Although experts have since been fooled by its reverence for early-century gables, porches and windows (not the brand new house pictured below), it surged to the vanguard of latter-day construction for this neighborhood first laid out in the 1870s.
Since then, at least 445 new houses, duplexes or condos — I include substantial additions — have been built in Bouldin between South Congress Avenue and Lamar Boulevard, Barton Springs Boulevard and Oltorf Street.
How do I know this? Because Nora the Explorer Lab and I carefully surveyed the newcomers during two recent weeks of early-morning walks.
Stark, modernist entries have received outsized attention, yet they make up less than 10 percent of the new residences. The rest would be classified by real estate agents as “traditional,” although given its 100-year history, streamlined modernism ought to be considered yet another traditional style. (One early modern sample sits among some lovely prewar homes on lower Bouldin Avenue.)
I’m willing to bet Bouldin is the most eclectic neighborhood, architecturally, in the city. This is due, in part, to the sale of the previously underappreciated land, slowly, with very few large-scale developments over the past 140 years.
So what was here before the 445 newbies?
Among the first settlers were African Americans, who put up cabins of vertical-plank construction. Their descendants still live among us, despite the 1928 City of Austin urban plan that (passively) attempted to segregate blacks to East Austin by refusing to extend basic services to neighborhoods like ours.
At least four tall, wooden farmhouses — the most famous now serving as Green Pastures restaurant — and a few stone farmhouses survive from the 19th century. After 1900, poor whites joined the African Americans, as humorist and civil rights advocate John Henry Faulk relates in “The Uncensored John Henry Faulk.”

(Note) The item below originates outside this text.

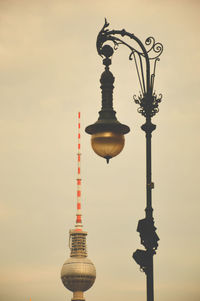 Low angle view of street light against building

“In those days I came to live to two separate worlds with distinct boundaries. Both were encompassed in South Austin, a neighborhood containing the farms of people like my father, a successful lawyer, as well as the shacks and tents of the poor black and white families living ‘down on the creek.’”

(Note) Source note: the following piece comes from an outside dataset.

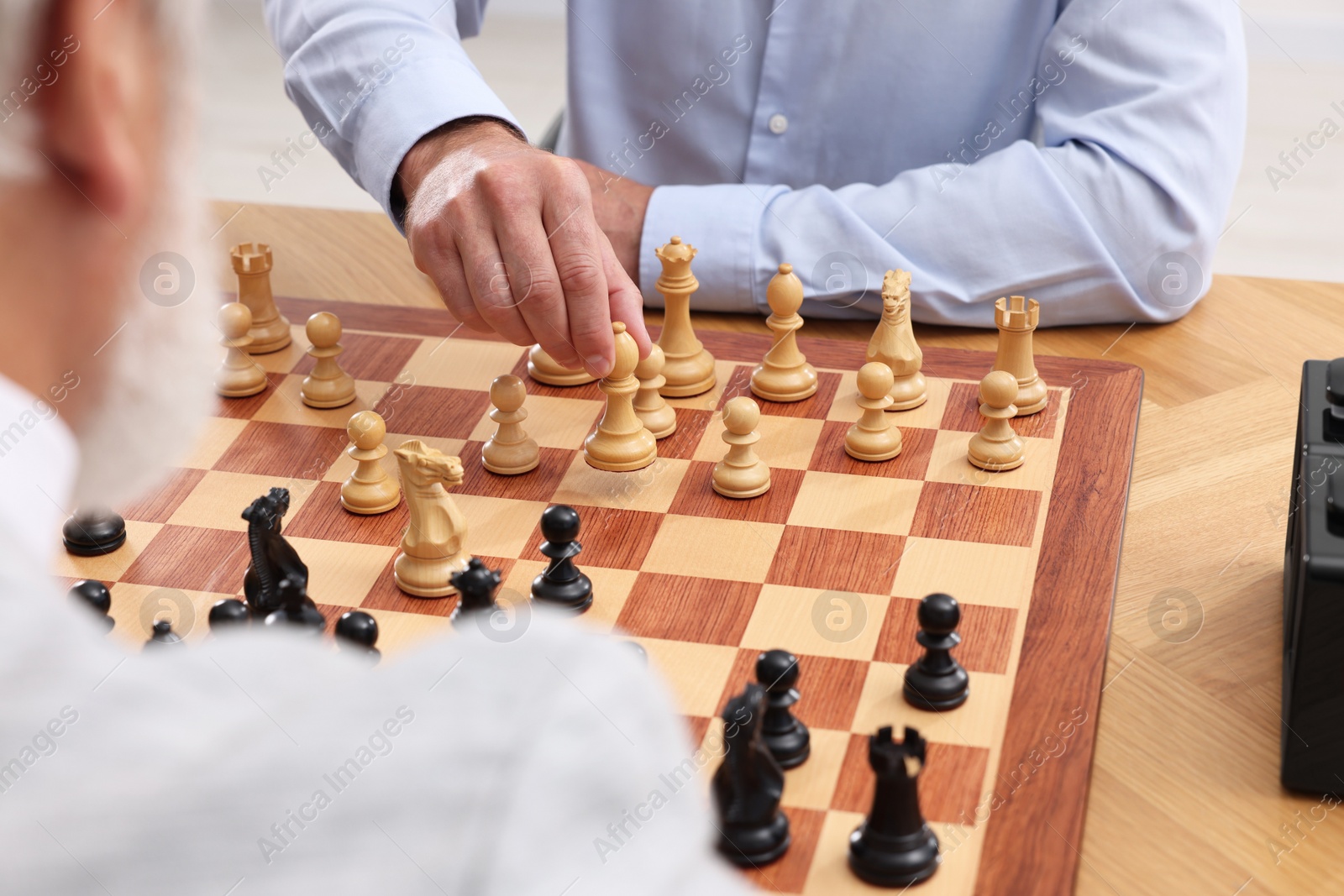 Photo of Men playing chess during tournament at table, closeup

Some of those poor and working-class white families also still live within few doors of us, although the eldest members are passing away too quickly. They tell of a South Austin as a semi-rural place of dirt roads, frequent floods and hard work.
Latinos arrived in numbers after World War II. They lived in the cottages and bungalows that still dominate the hills around us.
Later, beatniks and hippies created idiosyncratic houses from almost any material — A-frames, concrete lilies, towers that offered skyline views and safety from prying police, as well as the bejeweled Never Never Land, just a block from our house. (A descendant of these fantasy homes is a stone castle recently built behind a small church on Mary Street.)